[Short web captions]
______________________________

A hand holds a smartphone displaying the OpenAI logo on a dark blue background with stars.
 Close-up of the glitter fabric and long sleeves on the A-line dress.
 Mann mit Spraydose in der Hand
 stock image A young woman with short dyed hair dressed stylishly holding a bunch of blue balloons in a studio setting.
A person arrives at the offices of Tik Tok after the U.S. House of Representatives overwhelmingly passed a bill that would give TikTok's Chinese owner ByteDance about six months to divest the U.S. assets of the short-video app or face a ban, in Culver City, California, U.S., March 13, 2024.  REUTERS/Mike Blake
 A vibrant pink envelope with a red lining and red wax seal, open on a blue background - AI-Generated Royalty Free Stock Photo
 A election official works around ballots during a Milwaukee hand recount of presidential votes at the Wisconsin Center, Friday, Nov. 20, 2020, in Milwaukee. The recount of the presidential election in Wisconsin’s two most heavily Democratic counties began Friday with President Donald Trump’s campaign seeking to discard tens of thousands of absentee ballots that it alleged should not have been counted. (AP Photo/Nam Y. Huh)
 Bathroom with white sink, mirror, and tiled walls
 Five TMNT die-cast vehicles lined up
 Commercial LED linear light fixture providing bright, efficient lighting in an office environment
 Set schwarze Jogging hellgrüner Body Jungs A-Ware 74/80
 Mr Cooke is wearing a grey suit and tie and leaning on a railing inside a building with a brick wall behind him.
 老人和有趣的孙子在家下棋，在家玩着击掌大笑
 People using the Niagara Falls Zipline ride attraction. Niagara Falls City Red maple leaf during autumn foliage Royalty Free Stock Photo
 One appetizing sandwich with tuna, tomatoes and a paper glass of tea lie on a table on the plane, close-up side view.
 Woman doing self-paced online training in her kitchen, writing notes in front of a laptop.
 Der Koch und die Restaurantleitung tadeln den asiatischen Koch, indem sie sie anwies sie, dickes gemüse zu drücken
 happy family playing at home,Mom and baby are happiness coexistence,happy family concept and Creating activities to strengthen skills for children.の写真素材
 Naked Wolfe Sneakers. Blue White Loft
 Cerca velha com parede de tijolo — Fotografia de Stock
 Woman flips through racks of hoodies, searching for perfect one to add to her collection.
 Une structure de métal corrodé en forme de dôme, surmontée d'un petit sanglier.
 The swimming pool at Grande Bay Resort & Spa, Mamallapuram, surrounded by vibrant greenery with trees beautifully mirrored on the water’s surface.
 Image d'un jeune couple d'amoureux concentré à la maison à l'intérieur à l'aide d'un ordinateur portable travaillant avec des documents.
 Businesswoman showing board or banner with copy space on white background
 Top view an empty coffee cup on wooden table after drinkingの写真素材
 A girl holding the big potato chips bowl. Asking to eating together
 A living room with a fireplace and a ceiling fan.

______________________________

DIRECTIONS
Count how many lines in the entries above hold the word "background". Give that number by itself.

EXERCISE ANSWER
3